INPUT DATA ->
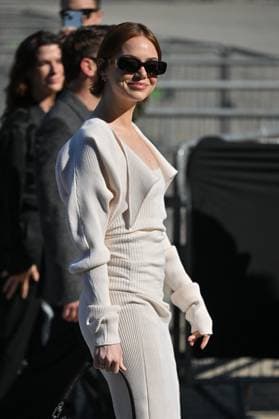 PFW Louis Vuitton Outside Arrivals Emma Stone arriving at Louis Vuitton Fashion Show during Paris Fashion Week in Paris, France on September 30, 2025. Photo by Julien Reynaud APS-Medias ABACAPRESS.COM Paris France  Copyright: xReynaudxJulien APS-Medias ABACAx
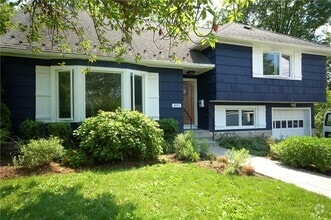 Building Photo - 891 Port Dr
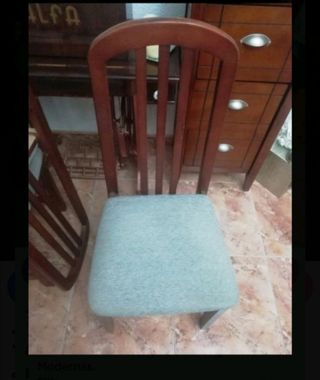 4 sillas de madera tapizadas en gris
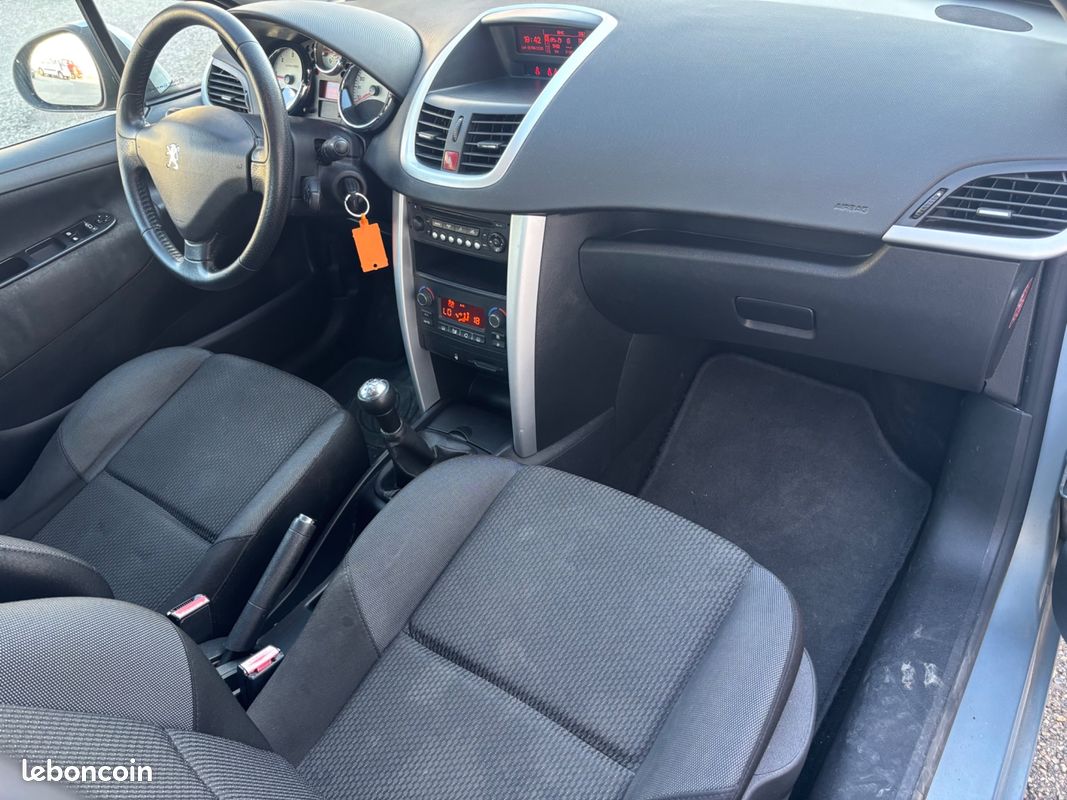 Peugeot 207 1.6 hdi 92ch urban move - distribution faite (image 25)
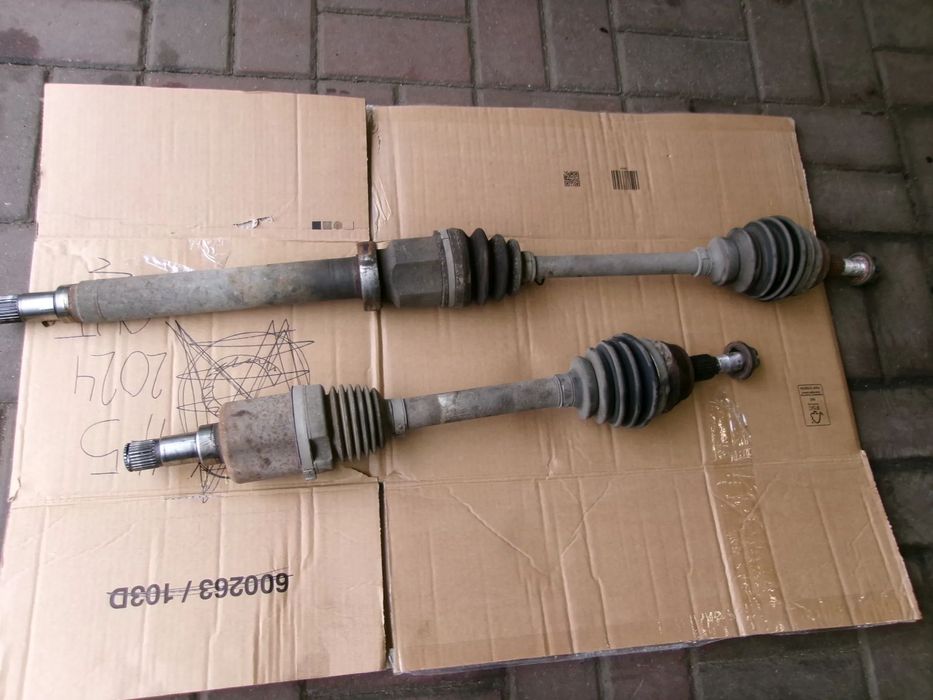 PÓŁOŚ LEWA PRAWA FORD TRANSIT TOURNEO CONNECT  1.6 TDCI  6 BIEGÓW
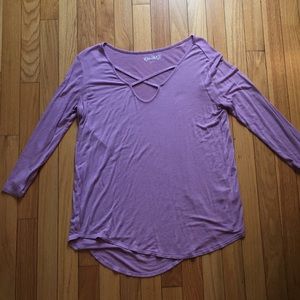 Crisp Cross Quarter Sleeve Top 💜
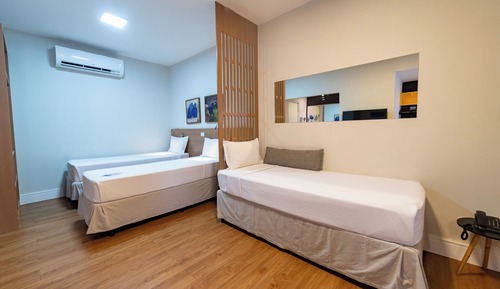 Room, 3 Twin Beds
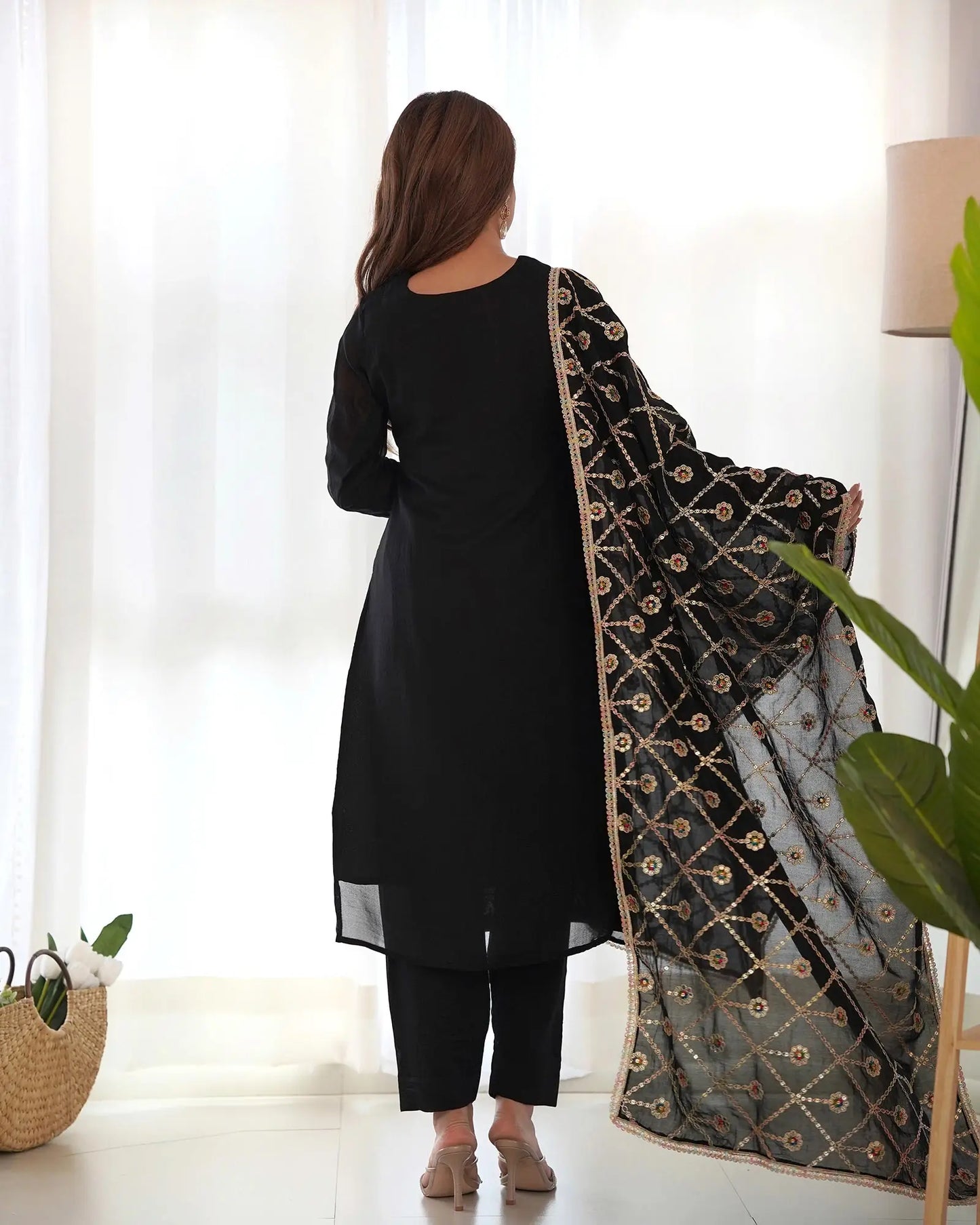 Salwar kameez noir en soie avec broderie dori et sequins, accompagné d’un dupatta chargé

WORK ITEM ->
Leave out the pictures, then reproduce exactly the run of lines from the one that contains "Room, 3 Twin Beds" to the final line of the listing above.

OUTPUT OF THE TASK ->
 Room, 3 Twin Beds
 Salwar kameez noir en soie avec broderie dori et sequins, accompagné d’un dupatta chargé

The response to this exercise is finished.